The C compiler will complain about error: initializer element is not constant when compiling with: gcc a.c.
However, everything would work if a C++ compiler were called, e.g.:

  • use g++ instead of gcc: g++ a.c
  • change the suffix: cp a.c a.cpp && gcc -c a.cpp
  • force GCC to call the C++ backend: gcc -xc++ -c a.c

The workaround is to remove the qualifier static const. That is,

@ -6436,7 +6436,7 @@ FORCE_INLINE __m128i _mm_xor_si128(__m128i a, __m128i b)
 // https://software.intel.com/sites/landingpage/IntrinsicsGuide/#text=_mm_addsub_pd
 FORCE_INLINE __m128d _mm_addsub_pd(__m128d a, __m128d b)
 {
-    static const __m128d mask = _mm_set_pd(1.0f, -1.0f);
+    __m128d mask = _mm_set_pd(1.0f, -1.0f);
 #if defined(__aarch64__)
     return vreinterpretq_m128d_f64(vfmaq_f64(vreinterpretq_f64_m128d(a),
                                              vreinterpretq_f64_m128d(b),
@@ -6452,7 +6452,7 @@ FORCE_INLINE __m128d _mm_addsub_pd(__m128d a, __m128d b)
 // https://software.intel.com/sites/landingpage/IntrinsicsGuide/#text=addsub_ps
 FORCE_INLINE __m128 _mm_addsub_ps(__m128 a, __m128 b)
 {
-    static const __m128 mask = _mm_setr_ps(-1.0f, 1.0f, -1.0f, 1.0f);
+    __m128 mask = _mm_setr_ps(-1.0f, 1.0f, -1.0f, 1.0f);
 #if defined(__aarch64__) || defined(__ARM_FEATURE_FMA) /* VFPv4+ */
     return vreinterpretq_m128_f32(vfmaq_f32(vreinterpretq_f32_m128(a),
                                             vreinterpretq_f32_m128(mask),

@marktwtn, we shall figure out the elegant way to enable the use of static const as the hint for compiler optimizations.

commented

You are right.
Indeed, removing the qualifier makes it work, but I would like to keep the const for now btw.

I had the same problem.

I used the following technique to still get a const but without compiler errors :

FORCE_INLINE __m128d _mm_addsub_pd(__m128d a, __m128d b)
{
    static const double mask[2] __attribute__((aligned(16))) = {-1.0, 1.0};
#if defined(__aarch64__)
    return vreinterpretq_m128d_f64(vfmaq_f64(vreinterpretq_f64_m128d(a),
                                             vreinterpretq_f64_m128d(b),
                                             vreinterpretq_f64_m128d(*(__m128d *) mask)));
#else
    return _mm_add_pd(_mm_mul_pd(b, *(__m128d *) mask), a);
#endif
}

Based on the post offered by @QwertyJack :

In C language, objects with static storage duration have to be initialized with constant expressions,
or with aggregate initializers containing constant expressions.

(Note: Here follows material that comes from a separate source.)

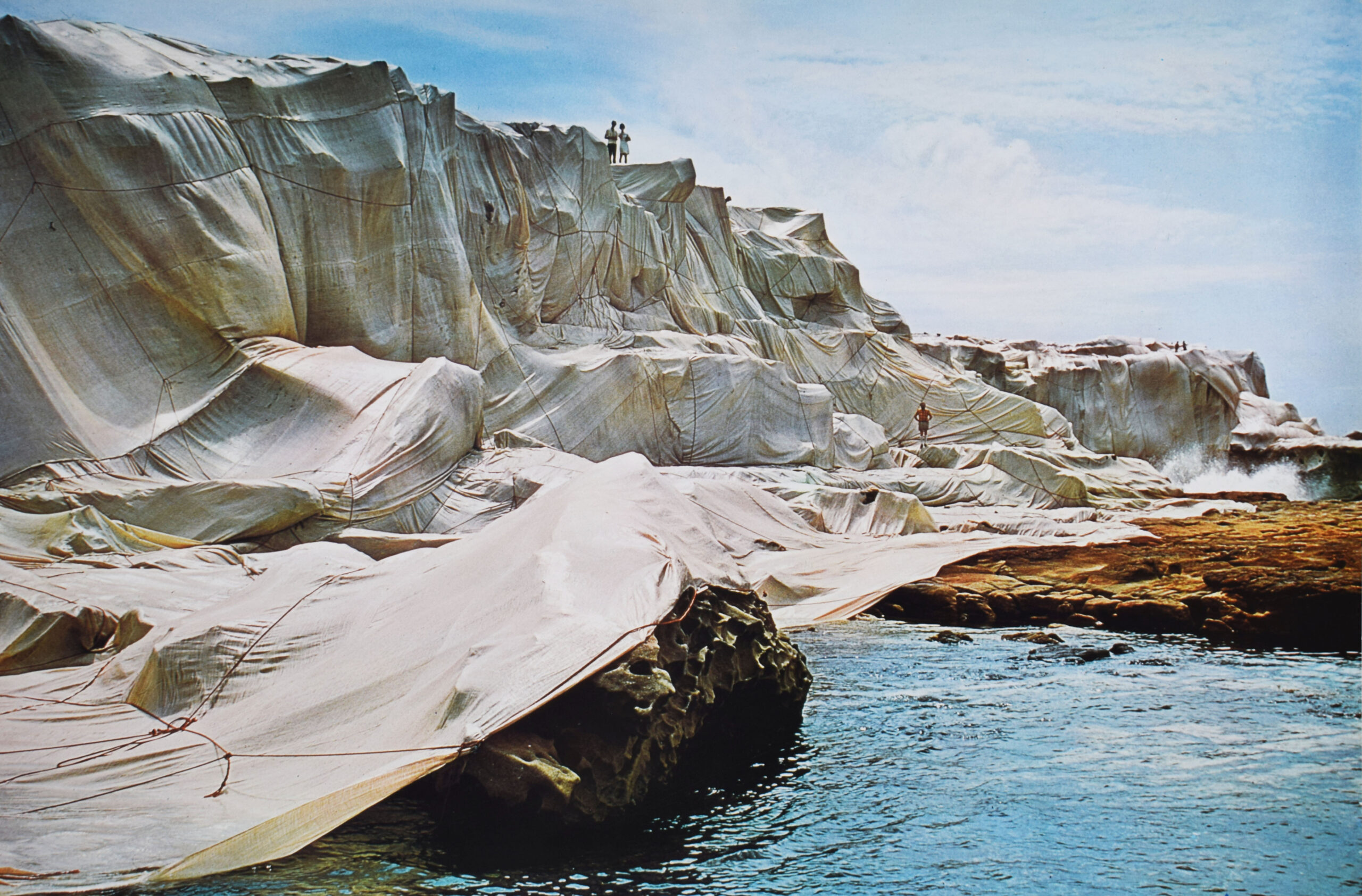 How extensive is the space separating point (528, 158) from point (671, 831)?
15880mm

Remove static keyword would fix the issue.

Besides, @JishinMaster uses the aggregate initializer to fix the issue.

I wonder the benefits of using static keyword here. Like avoid initializing variable multiple times?

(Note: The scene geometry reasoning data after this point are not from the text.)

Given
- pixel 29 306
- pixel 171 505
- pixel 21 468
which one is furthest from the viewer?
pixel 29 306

Remove static keyword would fix the issue.
Besides, @JishinMaster uses the aggregate initializer to fix the issue.
I wonder the benefits of using static keyword here. Like avoid initializing variable multiple times?

How about experimenting with godbolt for some simplified test cases?

I'm using

#ifdef __cplusplus
static
#endif
const __m128d mask = _mm_set_pd(1.0f, -1.0f);

for the time being -- makes it work with both C and C++, and (contrary to just removing "static") keeps the optimization at least in C++ code.

Thank @berolinux and @QwertyJack for the insightful feedbacks.